Apple Inc. faced a stark divergence in iPhone performance last month, with UBS reporting an 18% year-over-year decline in June sell-through—a key indicator of end-user demand. However, the bank raised its shipment forecast for the quarter to approximately 45 million units, a 3.4% increase from last year and above its earlier projections.

The discrepancy suggests inventory adjustments or stronger performance in earlier months, according to analysts. "The June slowdown is concerning but not catastrophic," said one sector specialist, noting that currency tailwinds could soften the blow. A weaker US dollar is expected to provide a slight revenue boost by making iPhones more competitively priced abroad.

Services Shine as Hardware Stumbles

While iPhone revenue grew just 2% in Apple's Q2 2025—its share of total revenue dipping to 49%—the company's Services segment hit a record $26.6 billion, up 12% YoY. This continues a multi-quarter trend of Services outpacing hardware growth, now accounting for 28% of total revenue.

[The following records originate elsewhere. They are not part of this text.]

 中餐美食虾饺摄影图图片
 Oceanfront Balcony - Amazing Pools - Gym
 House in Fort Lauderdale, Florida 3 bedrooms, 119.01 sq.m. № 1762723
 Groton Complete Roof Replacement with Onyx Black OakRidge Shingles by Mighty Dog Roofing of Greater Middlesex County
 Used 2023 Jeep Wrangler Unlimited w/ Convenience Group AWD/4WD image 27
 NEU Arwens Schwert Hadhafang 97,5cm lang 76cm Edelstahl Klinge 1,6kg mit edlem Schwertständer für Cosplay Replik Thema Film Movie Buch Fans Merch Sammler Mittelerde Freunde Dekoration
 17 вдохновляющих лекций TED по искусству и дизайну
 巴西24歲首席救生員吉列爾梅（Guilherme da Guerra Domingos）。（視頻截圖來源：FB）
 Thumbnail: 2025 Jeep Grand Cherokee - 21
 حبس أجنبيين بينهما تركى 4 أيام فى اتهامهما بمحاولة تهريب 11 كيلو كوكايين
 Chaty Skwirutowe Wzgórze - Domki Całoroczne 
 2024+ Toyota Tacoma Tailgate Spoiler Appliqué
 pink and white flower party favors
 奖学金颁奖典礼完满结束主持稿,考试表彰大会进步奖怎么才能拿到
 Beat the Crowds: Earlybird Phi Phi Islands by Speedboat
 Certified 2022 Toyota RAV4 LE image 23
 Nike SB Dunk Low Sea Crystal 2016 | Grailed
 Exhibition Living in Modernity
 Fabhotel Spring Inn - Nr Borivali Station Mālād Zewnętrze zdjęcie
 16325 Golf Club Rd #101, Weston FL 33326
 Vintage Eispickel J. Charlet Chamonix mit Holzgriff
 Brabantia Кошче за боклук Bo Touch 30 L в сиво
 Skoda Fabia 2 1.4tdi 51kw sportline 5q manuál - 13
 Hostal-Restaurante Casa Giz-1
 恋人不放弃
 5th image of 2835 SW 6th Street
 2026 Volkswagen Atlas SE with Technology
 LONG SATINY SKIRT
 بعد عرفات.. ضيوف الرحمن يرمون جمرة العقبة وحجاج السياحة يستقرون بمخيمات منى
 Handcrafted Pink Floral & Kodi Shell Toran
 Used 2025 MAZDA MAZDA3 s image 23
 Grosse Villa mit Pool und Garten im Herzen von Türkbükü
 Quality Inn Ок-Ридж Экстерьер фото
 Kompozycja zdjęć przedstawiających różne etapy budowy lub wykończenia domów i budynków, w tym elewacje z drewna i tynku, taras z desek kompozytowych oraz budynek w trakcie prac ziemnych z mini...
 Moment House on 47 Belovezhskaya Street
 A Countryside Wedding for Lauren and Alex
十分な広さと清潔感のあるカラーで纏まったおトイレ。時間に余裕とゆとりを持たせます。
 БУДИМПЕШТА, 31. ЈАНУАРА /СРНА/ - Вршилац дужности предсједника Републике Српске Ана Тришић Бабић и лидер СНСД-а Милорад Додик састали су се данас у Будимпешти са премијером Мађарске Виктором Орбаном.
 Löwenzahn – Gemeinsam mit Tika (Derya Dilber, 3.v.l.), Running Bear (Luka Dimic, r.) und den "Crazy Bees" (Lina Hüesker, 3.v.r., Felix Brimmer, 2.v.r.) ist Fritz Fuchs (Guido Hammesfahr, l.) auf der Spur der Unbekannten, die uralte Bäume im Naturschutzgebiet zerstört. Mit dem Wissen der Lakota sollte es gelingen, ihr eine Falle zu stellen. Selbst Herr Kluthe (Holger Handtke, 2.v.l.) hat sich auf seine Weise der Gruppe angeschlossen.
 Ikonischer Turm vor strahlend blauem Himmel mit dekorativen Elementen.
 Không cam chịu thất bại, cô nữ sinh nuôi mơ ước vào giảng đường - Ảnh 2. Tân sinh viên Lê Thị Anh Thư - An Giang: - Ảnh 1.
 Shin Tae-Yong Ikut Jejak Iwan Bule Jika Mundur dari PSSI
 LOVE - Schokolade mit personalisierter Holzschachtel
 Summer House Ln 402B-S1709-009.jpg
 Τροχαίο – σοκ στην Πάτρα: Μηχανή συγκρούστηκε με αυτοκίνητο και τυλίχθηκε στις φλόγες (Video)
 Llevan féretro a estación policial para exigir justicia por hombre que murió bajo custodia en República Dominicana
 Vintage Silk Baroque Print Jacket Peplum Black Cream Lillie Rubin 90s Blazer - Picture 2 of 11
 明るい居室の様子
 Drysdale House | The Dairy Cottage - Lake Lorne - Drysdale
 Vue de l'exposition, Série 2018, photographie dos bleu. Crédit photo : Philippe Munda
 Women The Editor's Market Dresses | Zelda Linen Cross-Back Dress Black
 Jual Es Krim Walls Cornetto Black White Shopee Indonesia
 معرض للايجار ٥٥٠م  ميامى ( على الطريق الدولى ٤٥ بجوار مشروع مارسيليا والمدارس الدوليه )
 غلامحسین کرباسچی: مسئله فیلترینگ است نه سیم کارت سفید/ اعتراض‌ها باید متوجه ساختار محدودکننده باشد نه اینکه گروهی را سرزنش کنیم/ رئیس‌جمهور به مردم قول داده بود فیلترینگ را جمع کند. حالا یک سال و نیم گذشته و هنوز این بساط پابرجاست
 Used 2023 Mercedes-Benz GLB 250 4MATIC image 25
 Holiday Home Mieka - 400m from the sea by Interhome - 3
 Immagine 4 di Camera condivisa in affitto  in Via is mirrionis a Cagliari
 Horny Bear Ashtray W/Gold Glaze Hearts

"The Services growth story remains intact," noted an institutional investor, speaking on condition of anonymity. "But hardware cycles still move the needle for investor sentiment." Mac and iPad revenues grew 7% and 15% respectively last quarter, while Wearables declined 5%.

Looking Ahead

All eyes are now on how Apple navigates emerging headwinds, including new US-China tariffs that took effect after Q2. The company has begun mitigation efforts, though their full impact won't be visible until future quarters. Meanwhile, global antitrust scrutiny of Apple's App Store practices remains an ongoing regulatory risk.

UBS maintained its Neutral rating and $210 price target, reflecting cautious optimism about Apple's diversified revenue streams amid smartphone market softness. As one trader put it: "They're not just an iPhone company anymore—but they're not not an iPhone company either."